— Что, опять явился какие-то загадки загадывать? — Он побаивался нас двоих, самых молодых министров: меня и Леонида Хитруна, председателя госкомитета сельхозтехники, — чуть не на каждом заседании Совета министров мы поднимали «неудобные» вопросы.
— Честное слово, Тихон Яковлевич, никаких загадок. Все ясно, как божий день.
Прочитав бумагу и проект постановления, он поднял на меня глаза и улыбнулся:
— Очень дельно. Действуй. Внесу на ближайшее заседание.
Я поблагодарил и поднялся, чтобы уйти, но он придержал:
— Погоди, а теперь скажи мне, зачем ты это делаешь?
Я удивился:
— Там же все написано...
— Мало ли что написано... А на самом деле?.. Избавиться от кого-то надо?
— Тихон Яковлевич, вы мне не верите? Смотрите: никого не увольняю, все при деле, все при зарплате, а кое-кто и прибавку получит, большая экономия за счет ликвидации студий...
Он пожал плечами:
— Чудак. Все идут, просят: дай, дай, дай, а ты предлагаешь — возьмите.
— Я вас обманывал когда-нибудь? Помните, триста тысяч? Все до копейки вернул, а ведь мог и не вернуть, и вы ничего бы мне не сделали.
Он засмеялся:
— Убедил, действуй.
Несмотря на вопли документалистов, не желающих покинуть любимых тараканов, я провернул реформу в две недели, и все стало на места. Костел передал Союзу кинематографистов, чем сразу завоевал доверие его председателя, старейшины белорусского кино, Владимира Владимировича Корш-Саблина, и он перестал мешать моей работе. Жуковский понемногу привыкал улыбаться, не бегал ко мне жаловаться на Ивановского.

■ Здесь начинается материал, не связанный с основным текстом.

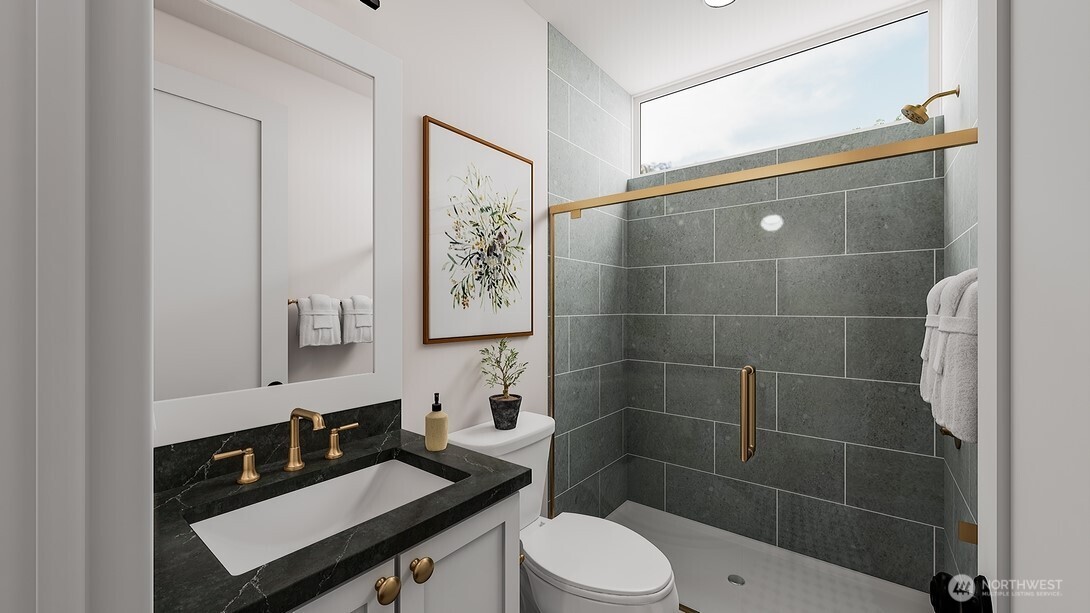 8501 137th Avenue SE, Newcastle, WA 98059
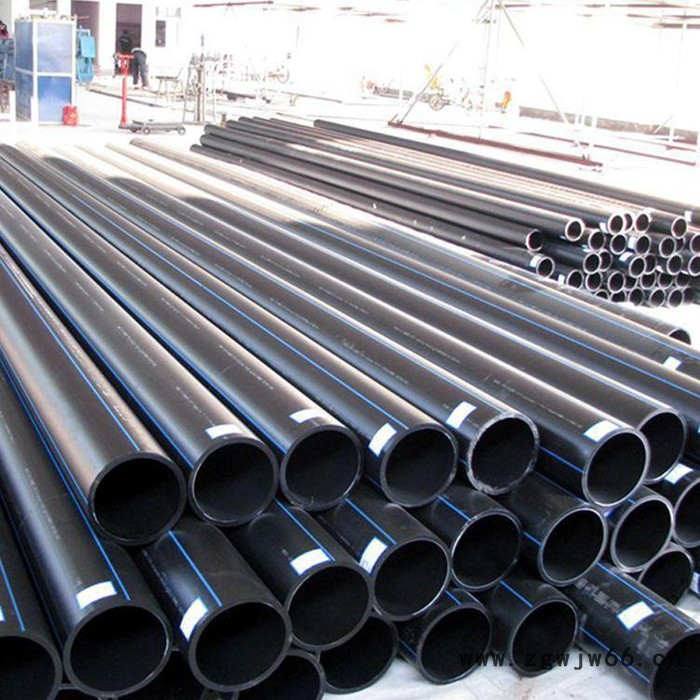 排污特价HDPE管件价格 排污特价HDPE管件供应图3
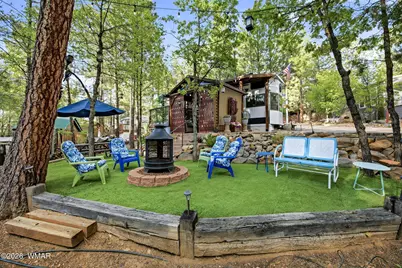 2260 E Turtle Creek Road, Show Low, AZ 85901 - Photo 9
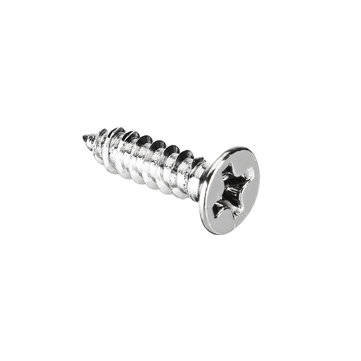 10Pcs Push Button Drawer Cupboard Door Catch Lock Caravan Rv Cabinet Latch Knob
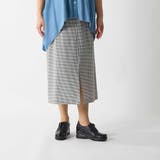 【3E】エアソールレースアップスニーカー | Mode et Jacomo×ing | 詳細画像17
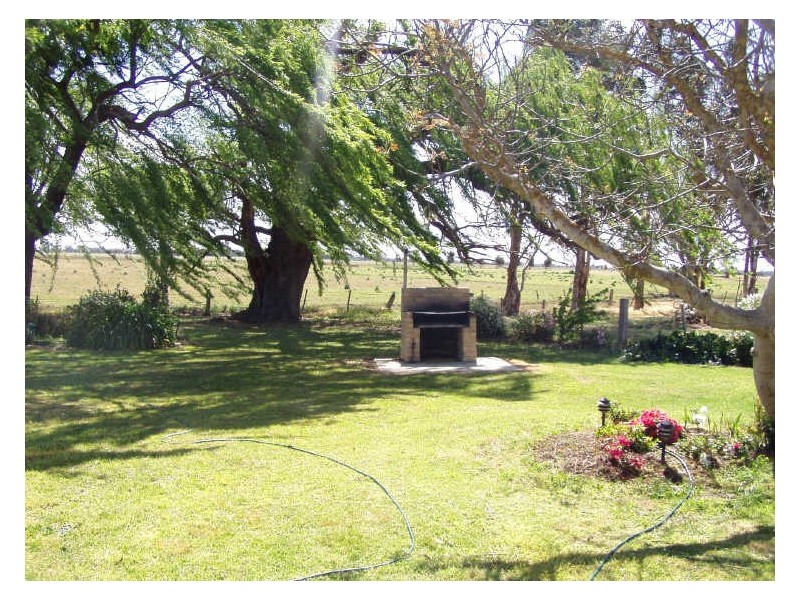 7 Johnson Road, Lockington VIC 3563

Ивановский оказался на редкость деятельным и полезным работником на студии. С моих плеч свалилась куча хозяйственных забот, которые покойный Дорский очень умело перекидывал на меня. Даже сдачу картин Володя взял на себя. Мы с ним затеяли и провернули очень большое дело: в 43 километрах от Минска получили 70 гектаров леса и лугов на пересеченной местности, с ручьем, который преобразили в пруд, заброшенной узкоколейкой. Организовали там площадку для съемок на натуре. За счет строительства декораций выстроили целый городок — гостиницу, склад для аппаратуры, партизанский лагерь, старую деревню... Все — под видом декораций. Хотя это были декорации, но в отличие от старого порядка, отсняв, не ломали и не жгли их, не продавали на дрова. А 43 километра — это уже можно было приплачивать к зарплате командировочные расходы, чего, скажем, нельзя было делать при 40 километрах. Сколько тысяч принесла эта площадка за счет сдачи в аренду другим студиям и насколько удобнее стало работать самим!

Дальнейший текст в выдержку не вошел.